**WORK REQUIRED**
Please restate word for word each line from the one containing "2005 Honda ODYSSEY photo" to the last line of the records below, and drop the pictures.

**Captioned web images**

——

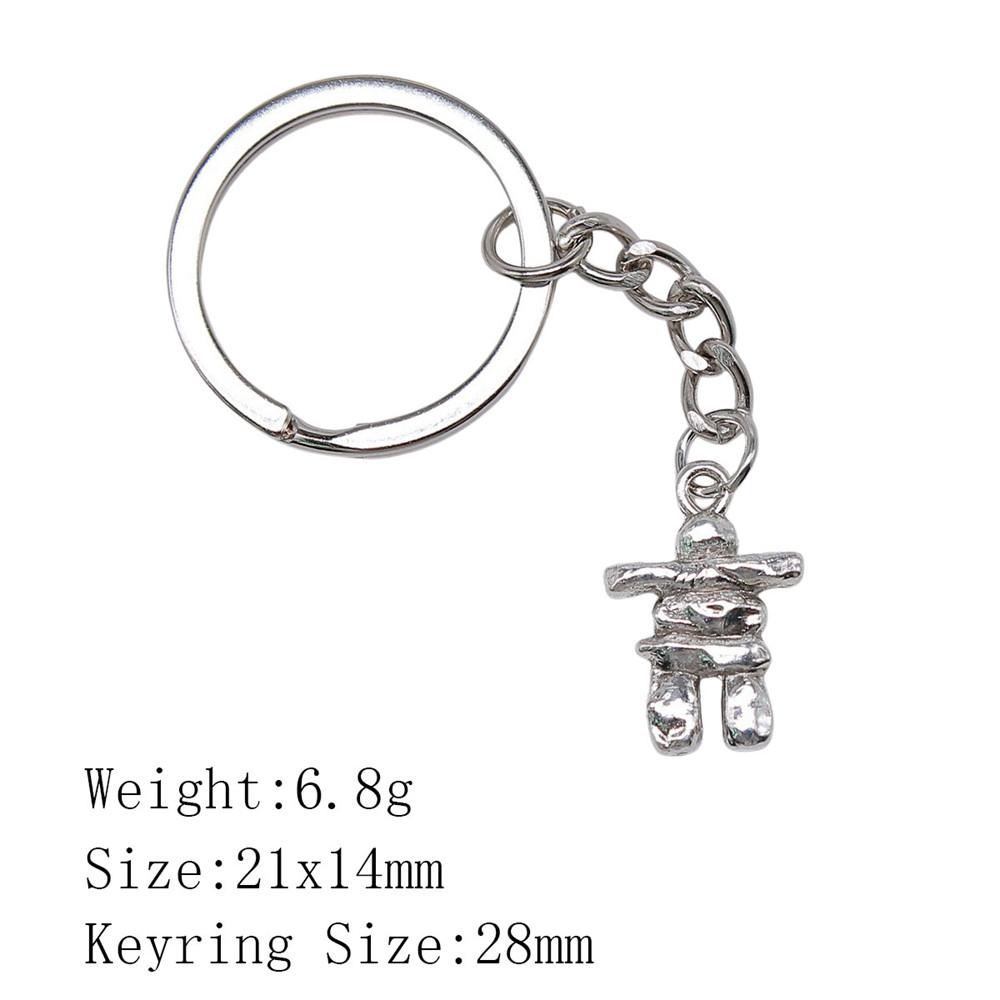 Новые поступления Сумка Брелок Фараон Вождь Брелок Женская Одежда Цепочка Мужской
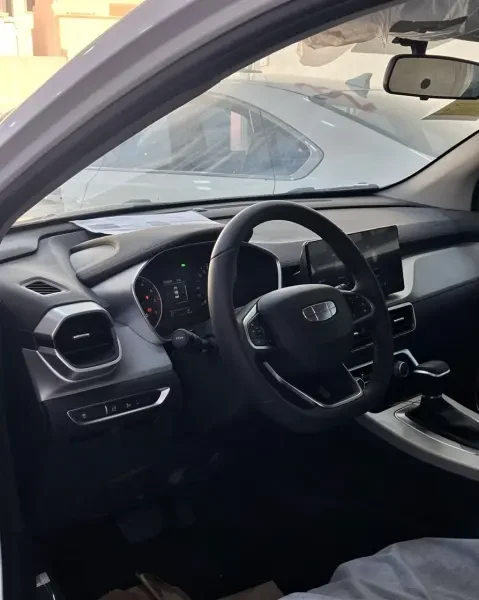 Geely Coolray 2026 Super Power - 2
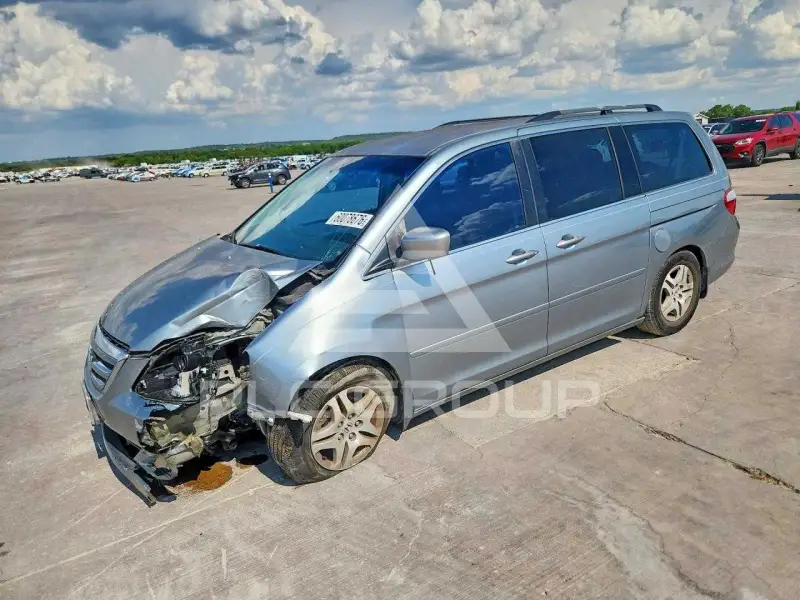 2005 Honda ODYSSEY photo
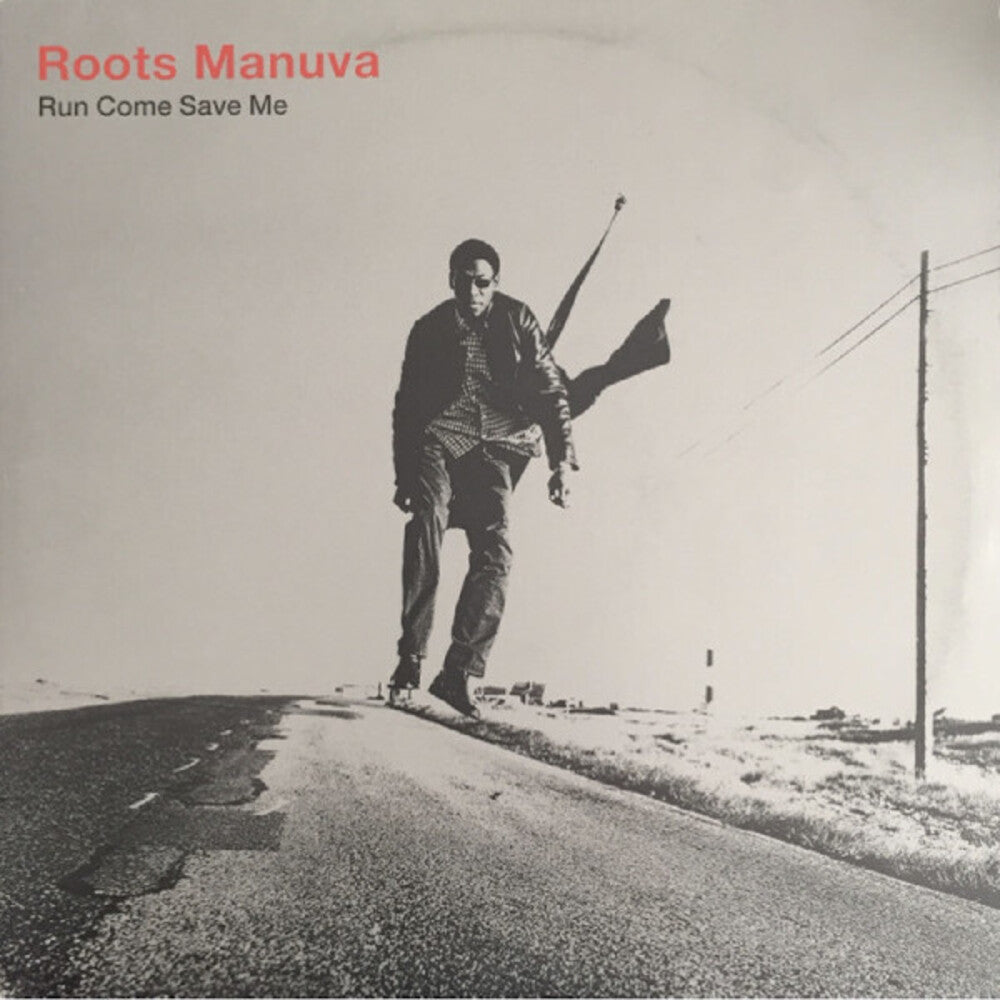 Roots Manuva - Run Come Save Me [Colored Vinyl] (Ofgv) (Red) [Download Included]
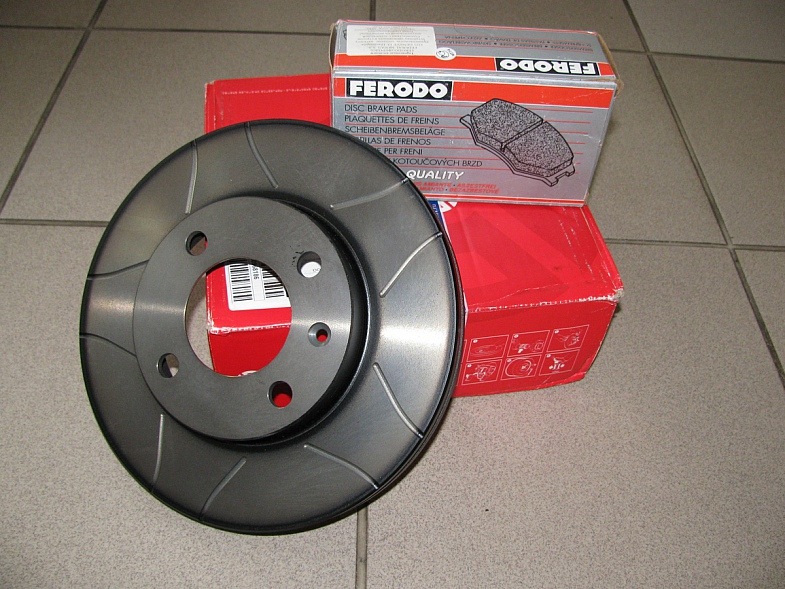 Підготовка до літа: Brembo MAX 5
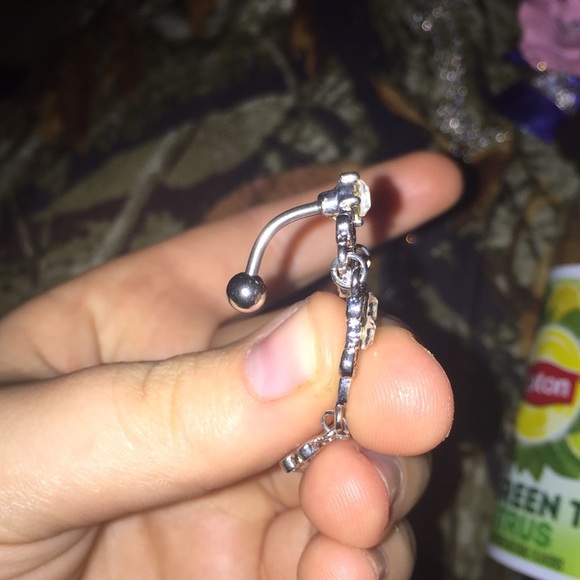 Belly ring - Picture 2 of 2
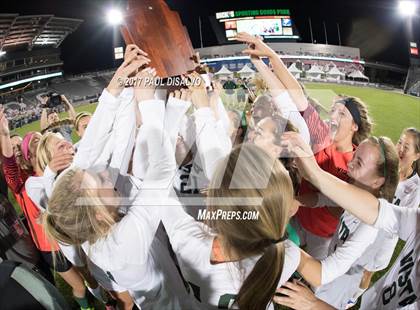 Thumbnail 2 in Mountain Vista vs. Arapahoe (CHSAA 5A Final) photogallery.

——

**COMPLETED EXERCISE**
 2005 Honda ODYSSEY photo
 Roots Manuva - Run Come Save Me [Colored Vinyl] (Ofgv) (Red) [Download Included]
 Підготовка до літа: Brembo MAX 5
 Belly ring - Picture 2 of 2
 Thumbnail 2 in Mountain Vista vs. Arapahoe (CHSAA 5A Final) photogallery.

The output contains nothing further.